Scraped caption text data
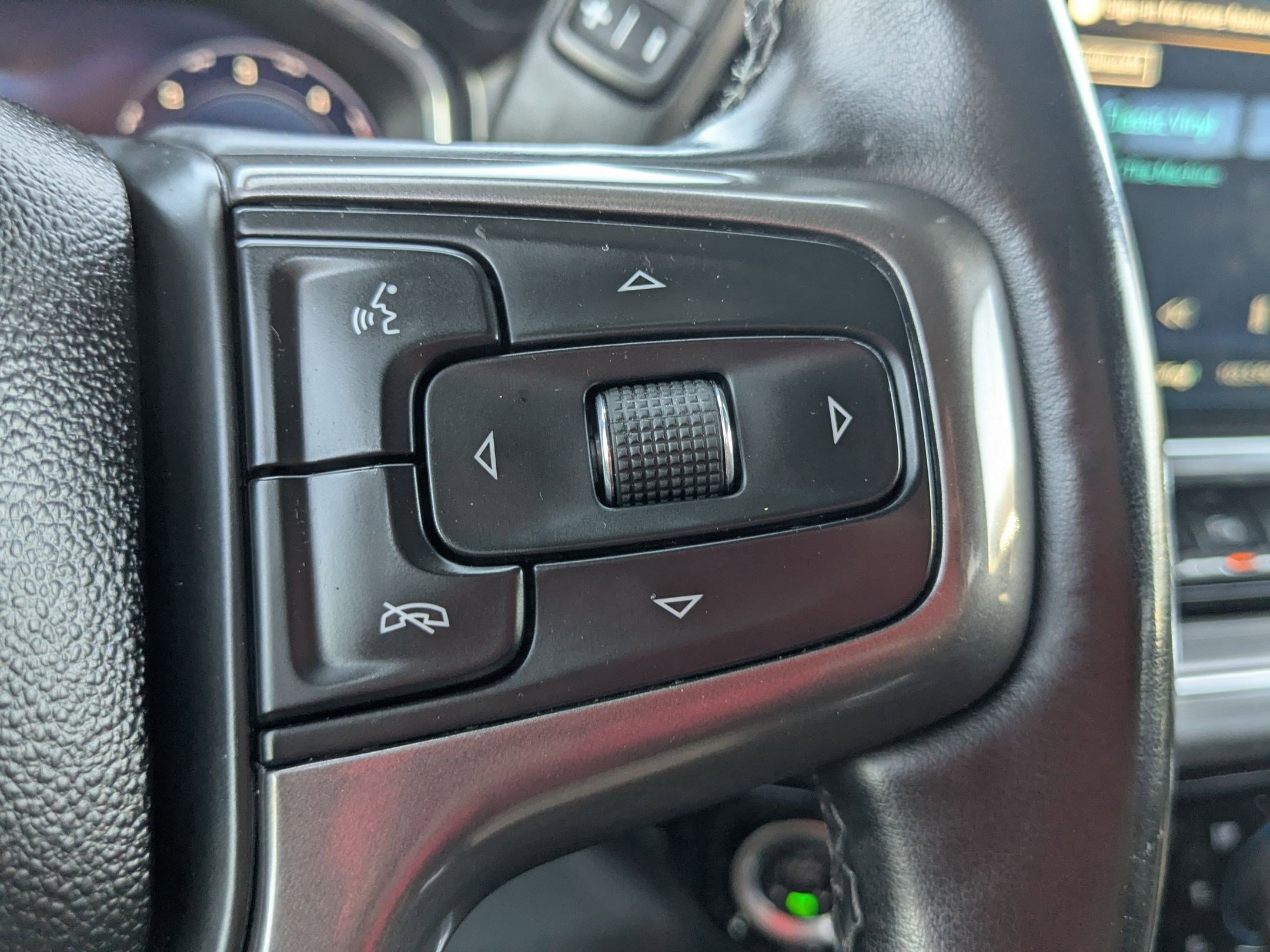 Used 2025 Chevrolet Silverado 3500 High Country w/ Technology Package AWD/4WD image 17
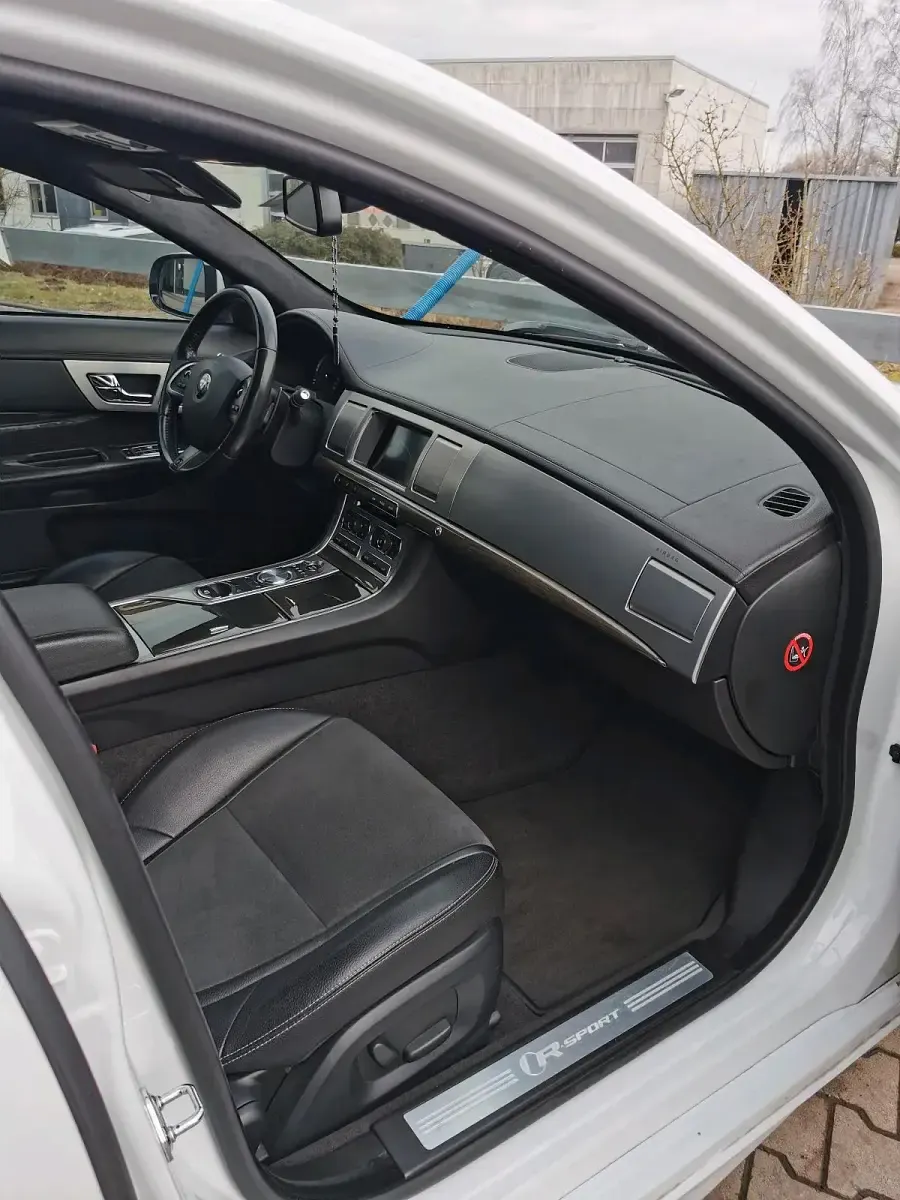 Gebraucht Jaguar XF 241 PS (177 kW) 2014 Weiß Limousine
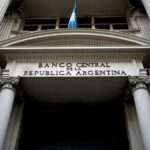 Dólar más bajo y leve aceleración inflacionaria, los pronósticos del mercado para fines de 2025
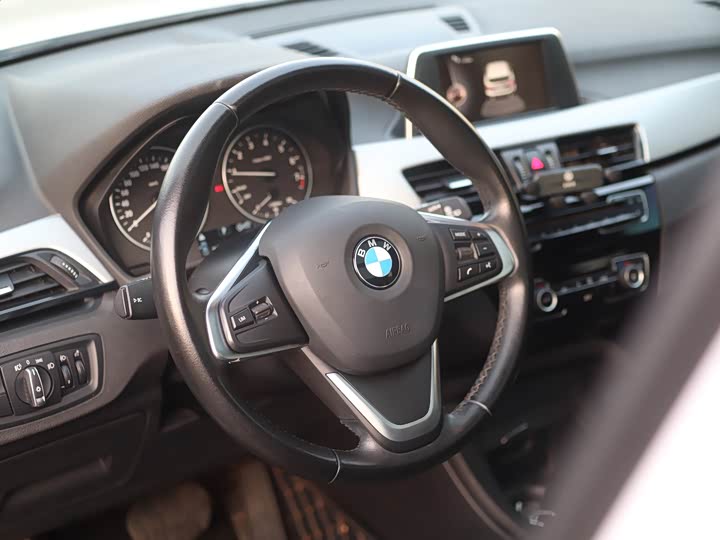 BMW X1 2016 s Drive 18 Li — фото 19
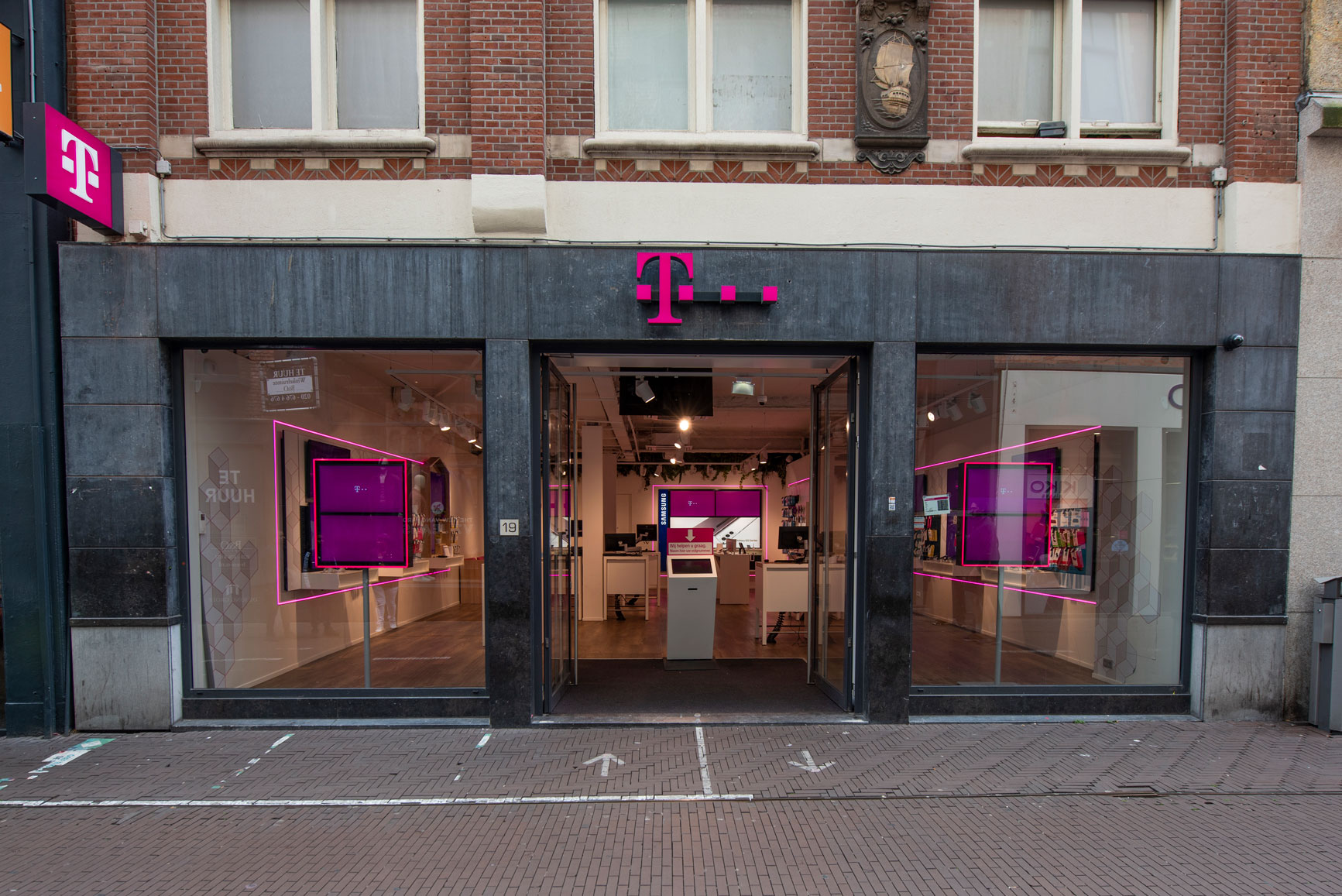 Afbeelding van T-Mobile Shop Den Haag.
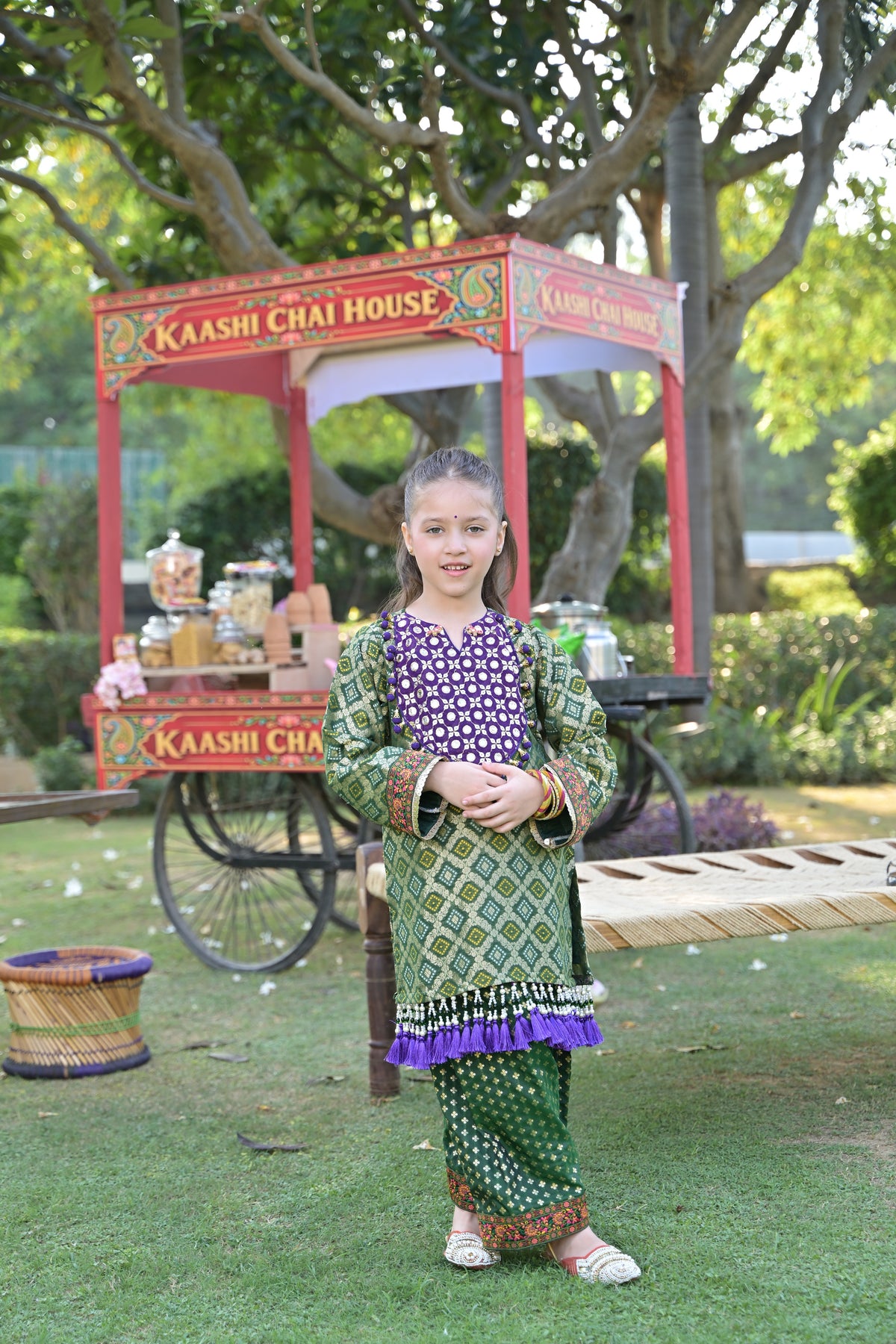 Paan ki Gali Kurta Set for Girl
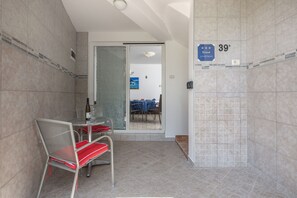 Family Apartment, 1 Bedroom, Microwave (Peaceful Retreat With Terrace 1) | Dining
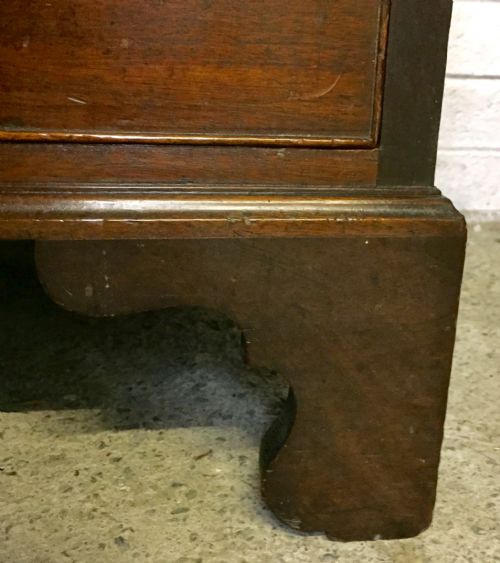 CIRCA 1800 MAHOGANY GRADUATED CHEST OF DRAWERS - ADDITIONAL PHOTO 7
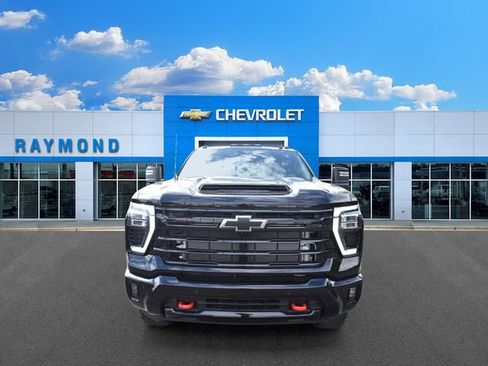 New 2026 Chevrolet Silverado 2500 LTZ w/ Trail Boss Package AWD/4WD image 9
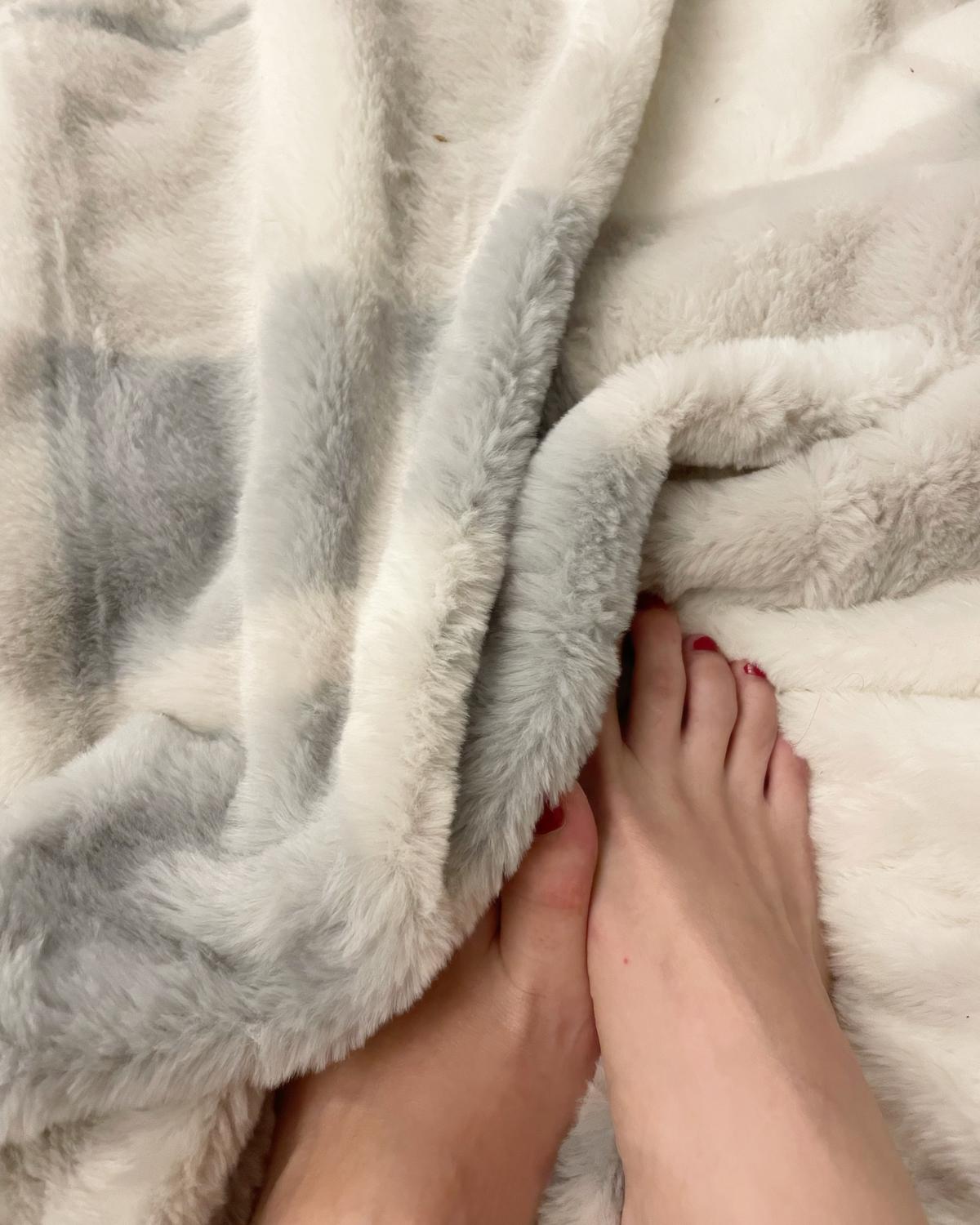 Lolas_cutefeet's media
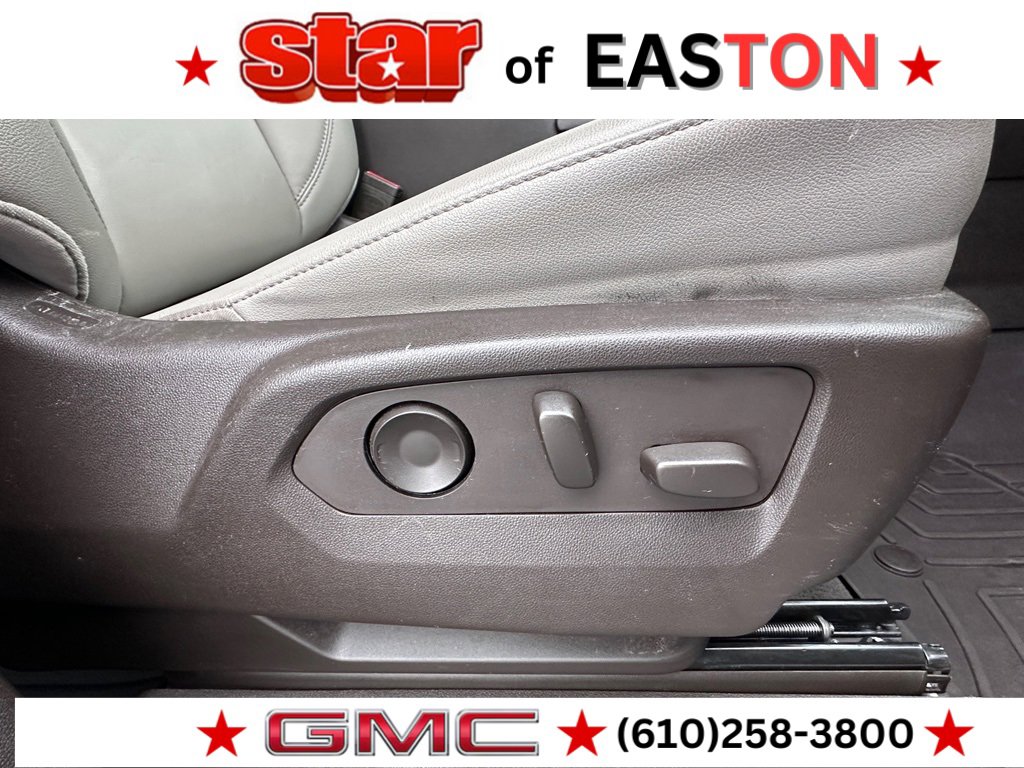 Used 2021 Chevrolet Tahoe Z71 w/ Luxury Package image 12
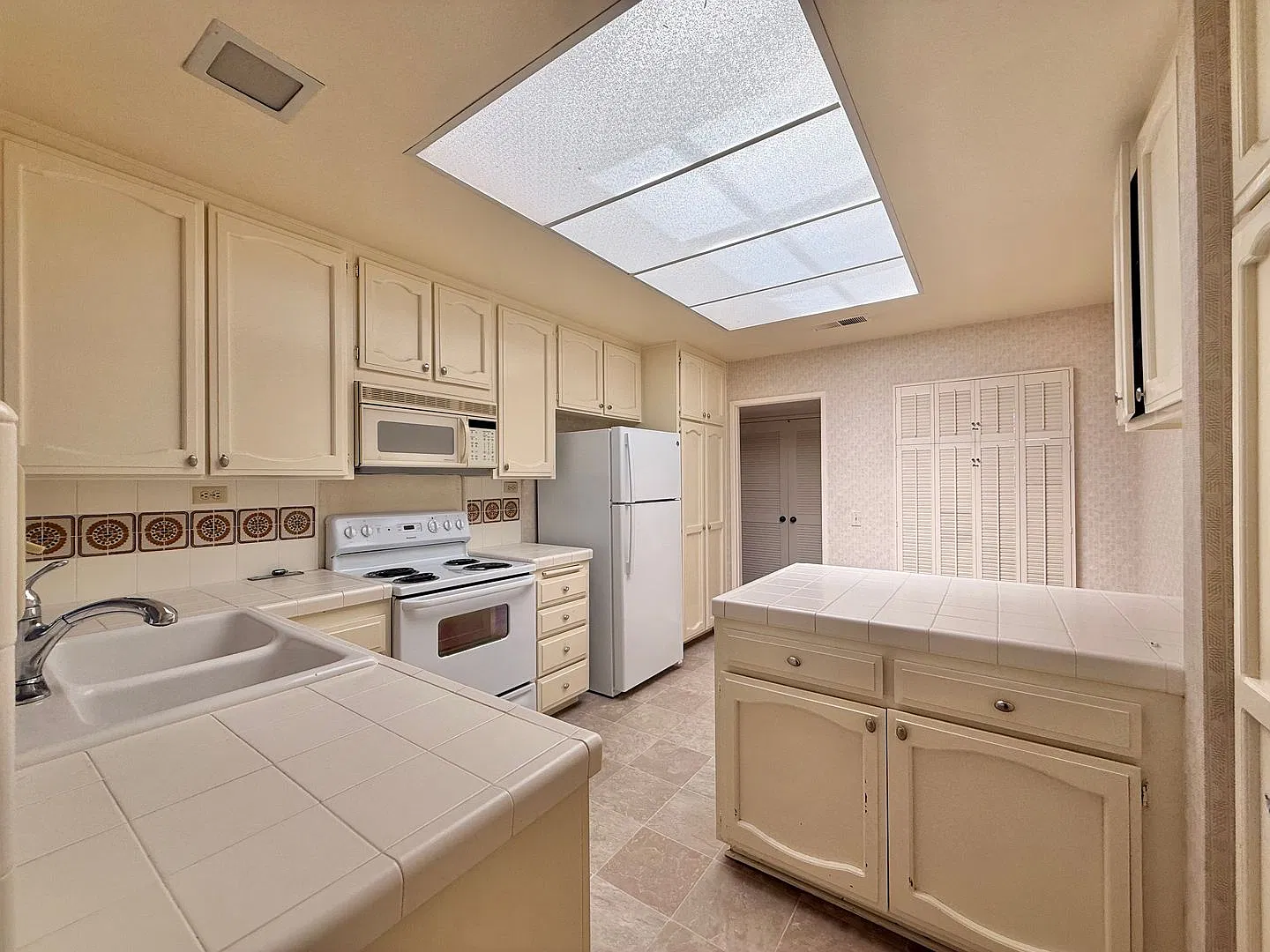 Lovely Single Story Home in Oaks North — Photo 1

▶ **Task to complete**
The line containing "Used 2021 Chevrolet" and all lines after it, through the last line of the records, should be returned exactly. Omit the pictures.

▶ **Written answer**
 Used 2021 Chevrolet Tahoe Z71 w/ Luxury Package image 12
 Lovely Single Story Home in Oaks North — Photo 1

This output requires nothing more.